The shape recurs across other settings. In two county-operated homes, a scheduling redesign built on a survey of more than 150 staff reconciled the four-hour care requirement with the realities of a collective agreement and the preferences of the people working the shifts. In another home, an admission process that had taken three days was reduced to same-day admission, returning both bed-days and family confidence. None of these depended on adding headcount.
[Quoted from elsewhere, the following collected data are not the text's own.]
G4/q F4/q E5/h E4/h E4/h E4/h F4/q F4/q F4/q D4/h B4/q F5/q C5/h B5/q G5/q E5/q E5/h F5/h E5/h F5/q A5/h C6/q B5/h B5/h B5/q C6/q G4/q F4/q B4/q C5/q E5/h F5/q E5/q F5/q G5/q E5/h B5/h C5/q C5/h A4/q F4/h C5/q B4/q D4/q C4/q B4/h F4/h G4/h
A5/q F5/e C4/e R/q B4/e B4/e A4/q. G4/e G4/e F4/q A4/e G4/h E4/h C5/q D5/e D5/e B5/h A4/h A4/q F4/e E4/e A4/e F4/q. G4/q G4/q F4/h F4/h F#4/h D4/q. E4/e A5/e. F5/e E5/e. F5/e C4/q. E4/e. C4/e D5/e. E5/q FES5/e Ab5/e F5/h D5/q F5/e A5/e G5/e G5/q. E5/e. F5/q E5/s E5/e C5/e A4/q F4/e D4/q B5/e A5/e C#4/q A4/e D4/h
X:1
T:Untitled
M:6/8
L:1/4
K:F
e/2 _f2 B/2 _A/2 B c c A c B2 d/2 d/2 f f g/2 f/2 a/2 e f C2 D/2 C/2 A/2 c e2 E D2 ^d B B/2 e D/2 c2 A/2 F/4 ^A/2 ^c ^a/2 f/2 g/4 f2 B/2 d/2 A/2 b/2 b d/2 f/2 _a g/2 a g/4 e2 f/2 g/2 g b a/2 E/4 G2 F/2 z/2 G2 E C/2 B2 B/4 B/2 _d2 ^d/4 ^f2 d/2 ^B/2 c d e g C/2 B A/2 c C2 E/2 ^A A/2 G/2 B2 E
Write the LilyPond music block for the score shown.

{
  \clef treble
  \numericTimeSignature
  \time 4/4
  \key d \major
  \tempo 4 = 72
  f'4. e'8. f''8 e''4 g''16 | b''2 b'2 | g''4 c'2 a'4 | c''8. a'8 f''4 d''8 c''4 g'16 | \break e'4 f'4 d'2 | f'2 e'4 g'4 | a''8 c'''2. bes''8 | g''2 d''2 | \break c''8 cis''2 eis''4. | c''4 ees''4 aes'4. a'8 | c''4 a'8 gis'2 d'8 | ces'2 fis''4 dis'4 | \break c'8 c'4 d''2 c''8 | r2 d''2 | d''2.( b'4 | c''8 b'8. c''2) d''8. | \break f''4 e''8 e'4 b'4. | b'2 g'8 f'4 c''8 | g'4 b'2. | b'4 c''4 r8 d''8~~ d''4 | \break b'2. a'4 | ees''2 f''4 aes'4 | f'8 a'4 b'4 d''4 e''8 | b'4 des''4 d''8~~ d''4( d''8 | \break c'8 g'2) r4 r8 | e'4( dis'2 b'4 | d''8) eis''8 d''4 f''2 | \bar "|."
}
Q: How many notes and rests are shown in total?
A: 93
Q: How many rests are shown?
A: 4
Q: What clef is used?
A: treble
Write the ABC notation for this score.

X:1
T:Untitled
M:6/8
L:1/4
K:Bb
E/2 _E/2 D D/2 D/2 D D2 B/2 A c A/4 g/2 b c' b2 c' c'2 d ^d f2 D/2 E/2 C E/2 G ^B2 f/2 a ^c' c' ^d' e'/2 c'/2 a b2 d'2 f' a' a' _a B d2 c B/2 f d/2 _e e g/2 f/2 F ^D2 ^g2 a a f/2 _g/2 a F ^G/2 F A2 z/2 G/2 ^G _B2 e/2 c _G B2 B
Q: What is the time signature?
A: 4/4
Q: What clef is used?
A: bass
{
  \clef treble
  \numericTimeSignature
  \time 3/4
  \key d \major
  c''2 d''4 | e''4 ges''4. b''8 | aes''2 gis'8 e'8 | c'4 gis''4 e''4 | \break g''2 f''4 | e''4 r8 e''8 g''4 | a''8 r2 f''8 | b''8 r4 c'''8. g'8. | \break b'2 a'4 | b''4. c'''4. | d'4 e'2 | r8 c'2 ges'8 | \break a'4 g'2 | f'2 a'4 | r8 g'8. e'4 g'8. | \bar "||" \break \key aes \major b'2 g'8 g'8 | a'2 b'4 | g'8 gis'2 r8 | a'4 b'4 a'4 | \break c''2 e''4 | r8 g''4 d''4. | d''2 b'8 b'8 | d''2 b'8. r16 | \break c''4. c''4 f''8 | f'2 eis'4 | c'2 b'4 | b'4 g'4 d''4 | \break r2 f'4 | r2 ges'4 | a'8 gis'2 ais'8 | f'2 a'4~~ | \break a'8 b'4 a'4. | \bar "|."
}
Each created capacity from work already being done, which is the return that matters when the labour market is the binding constraint.
The method
How the capability is built: diagnose, plan, execute
The path is deliberate, and it runs through three stages of work.
- Diagnose. An OpsScan establishes where process rather than effort is the constraint and which of a home's priority indicators will respond fastest to structured work.
- Plan. A Focused Value Sprint frames the change against a real problem and a measured baseline, so the team knows what success will look like before it acts.
- Execute. The same Sprint carries the change onto the floor and confirms the result where the work happens, not in a report.
What separates a durable program from a temporary one is not a fourth step added at the end; it is that capability building and change management run through all three stages. Belt certification, a quality-improvement committee, coaching, and a cadre of internal trainers are woven into the work as it is done, so the result is owned by the people who produced it.
The stages produce a result; the capability woven through them is what keeps it, and that is the part most often skipped. An operator that invests in it climbs a familiar maturity curve, from fighting fires as they arise, through structured improvement in pockets, to a state in which continuous improvement is simply how the organization works. That final state, where improvement is self-sustaining rather than sponsored, is the only one that holds when attention moves on.
At scale
For multi-home operators, the problem is consistency
For a single home, capability is a question of depth. For an operator running a dozen homes or more, it becomes a question of consistency, and that is the harder problem. A strong central quality function can set direction, define indicators, and benchmark performance across the portfolio, but it cannot be present in every home on every shift, and improvement that lives only at head office does not change what happens at the point of care. The operators pulling ahead are the ones extending capability outward, so that each site has the internal leadership to identify and resolve its own problems within a shared framework. That is the work that turns a quality strategy into quality outcomes, home by home, rather than a policy that is true on paper and uneven in practice.
The durable idea
The durable idea
Long-term care has reached the point where improvement is required, measured, and public, and the standard will only tighten. The operators who meet it, and hold it, will not be those who run the most initiatives or buy the most outside help. They will be those who have built the capability to improve into the people who do the work, so that the next time the mandate moves, the response is already in the building.
Case examples are drawn from Leading Edge Associates engagements and are presented with identifying details generalized. Figures are from the Canadian Institute for Health Information (2024-25), the Office of the Auditor General of Ontario, and the Government of Ontario / Ministry of Long-Term Care (2025).